Kare Kare is a distinctly Filipino stew that is flavoured and thickened with peanuts. Pronounced “ka-reh ka-reh”, it is thought to have its roots in south east Asian curries. Its combination of flavour and texture is deliciously unusual to the North American palate. I developed this recipe because I needed a way to make this stew with commonly available ingredients. I believe it’s true to the original taste, with a few simplifications for time’s sake (e.g., I decided to use peanut butter rather than a combination of ground peanuts and rice, as well as achuete powder instead of squeezing out annatto seeds in water). Also, I’m not usually a fan of slow cookers, but I didn’t have time to stand over a pot of simmering stew for a few hours.
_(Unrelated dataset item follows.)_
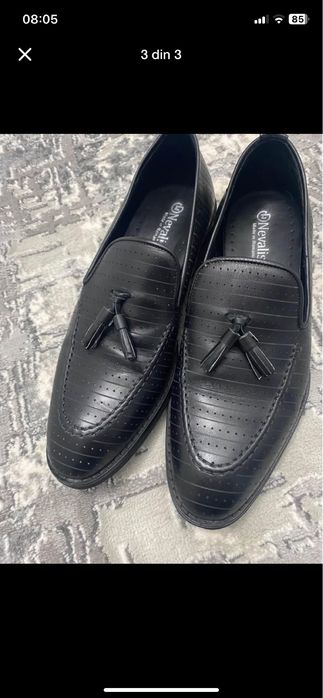 Pantofi din piele naturla, o singura purtare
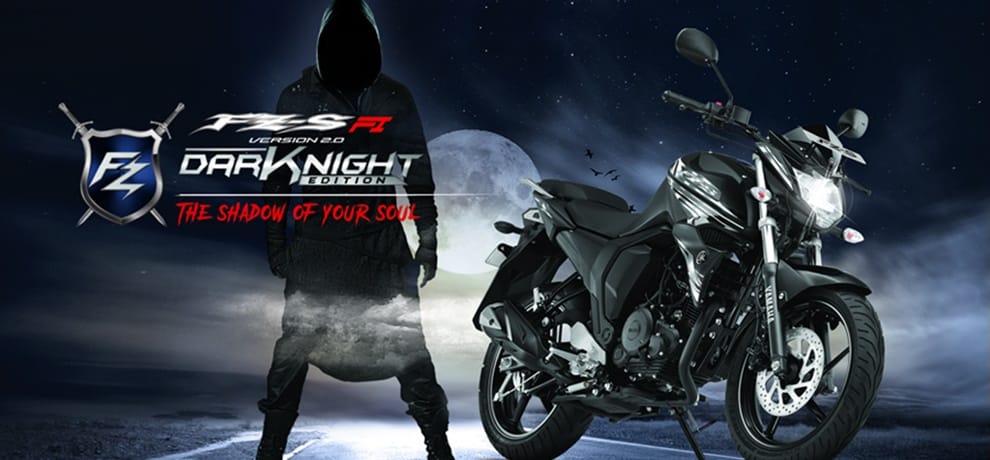 Yamaha Motor India introduced Dark Night variants for Yamaha FZ, Saluto RX and Cygnus Ray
So voila! Here is a version of Kare Kare that can be mostly made in a slow cooker and then finished off on the stove. Enjoy with rice and bagoong (fermented shrimp paste) on the side!
Serves 8 people
- 2 kg oxtail (or 0.5 kg beef bones and 1.5 kg stewing beef cubes)
- 2 cups natural peanut butter
- 3 tablespoons acheute powder
- oil for frying
- 1 onion, minced
- 4 cloves garlic, minced
- 1-2 tablespoons fish sauce
- 1 package string beans (about 20 strands), cut into 1 inch pieces
- 3 skinny, medium eggplants
- 4 heads of bok choy, separated from the stem
- bagoong (fermented shrimp paste) to serve
- Put the oxtail or beef bones and cubes in the crock pot. Fill with enough water to just cover the beef. Cook for 4 hours on high.
- Turn off the crock pot. I like to remove the meat from the bones if I’m using oxtail. I remove the beef bones if not.
- Heat oil in a large pot over medium heat. Fry the garlic and onion until soft. Season with fish sauce. Ladle in about two cups of the broth from the crock pot. Mix in the peanut butter until well-incorporated.
- Dissolve achuete powder in about ¼ cup broth or water. Add to the pot on the stove and mix well. Add the rest of the broth and then the meat. While simmering on medium low, prepare the string beans, eggplant and bok choy. Add the string beans and eggplant. Cook until desired tenderness is reached. Add the bok choy and cook until wilted.
- To serve, I like to arrange the vegetables and meat on a platter and pour over a little sauce, while serving extra sauce on the side. Don’t forget some steamed rice and bagoong!